Last month, I wrote about the reason for and the historical methods of solids control. This month, I’ll bring things a little more up-to-date with the newer, more modern methods of solids control.

This is where it gets interesting. Some pretty sharp engineers have spent a lot of time on this subject and can do amazing things. Most of the technology comes from the oilfield. In the oilfield, solids control is not a luxury — it is an absolute necessity. Without proper mud chemistry and solids control, we would have drilled up all the cheap, easily available oil years ago. The fact that we now can access oil that was previously undrillable is thanks to sharp thinkers and having plenty of money available to solve the problems. Kinda like an old geezer with a bad bladder, the “trickle-down” theory finally worked for water well drillers. We now have access to the latest and best equipment available to make more hole faster, cheaper and better than ever before.

One of the simplest and most basic pieces of solids-control equipment is the desander. A desander is based on the principle of the hydrocyclone. The basic idea is: Pump mud into the outer edge of the top of a cone shape. The mud whirls around faster and faster as it travels down the wall of the cone. The solids are forced by centrifugal force to the outside, near the walls of the cone. The clean mud moves to the center of the cone. The solids eventually make it to the bottom of the cone and are forced out of an orifice by what is known as underflow. The clean mud, minus the solids, travels upward through the center of the cone and is discharged out the top, back to the suction pit.

Hydrocyclones come in a variety of sizes. The size designation is based on the inside diameter of the top of the cone. The smaller the cone, the finer the cuttings it will remove. This is because a smaller diameter produces a higher G force, which force smaller cuttings to the outside. The downside is what is called throughput. The smaller cones only will process a small amount of mud, and on large systems, a large number of cones are necessary. Large cones easily process large amounts of mud, but don’t remove all the fines.

Oilfield desander cones usually are 10 inches or 12 inches in diameter. They will process 400 gpm to 600 gpm of flow, but only the coarse cuttings will be removed. Typically, in the oilfield, 10-inch cones are followed by 4-inch cones, called desilters, to remove the smaller fines. This requires an additional pump and power. The water well industry has come up with the 5-inch cone. It removes coarser materials, but still makes a fine enough cut to satisfy most conditions. A 5-inch cone is between a typical desander and a desilter cone. It is commonly called a desander. A 5-inch desander will remove cuttings down to 20 microns.
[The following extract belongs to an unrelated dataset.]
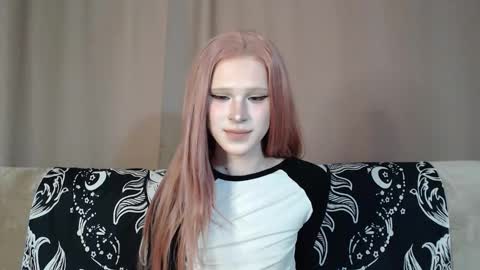 Nextdoor Princess online show from 03/29/26, 06:57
“How big is a micron?” — you might ask. Hell, I’m a well driller, not a science geek, but I know it’s pretty dad-gummed small. Consider this: The suction filter on your hydraulic pump probably is 25 microns, and that’s clean enough for a close-tolerance hydraulic pump! Modern water well desanders typically run 5-inch cones, which allow 80 gpm per cone of throughput. A 4-inch cone only allows 40 gpm of throughput, so it takes twice as many cones to do the job. The mud will be cleaner, but only marginally. It also will plug more easily with large cuttings. Not enough difference to justify the extra expense.

Even more basic is the shale shaker. A shaker is a vibrating screen that “scalps” the larger cuttings before they are cleaned by the desander. The theory is: Lose the cuttings, and save the mud. The motion of the screen itself has a lot to do with how much mud can be run over a screen. There are several theories about which ones work best.

The simplest method is what they call orbital motion. Orbital motion shakers have been around for years; they are the staples of the shale shaker industry. A weight is rotated rapidly, imparting an orbital motion to the shaker basket. The can be driven by any power source — hydraulic, electric motor or gasoline engine. They are simple, cost effective and field-serviceable.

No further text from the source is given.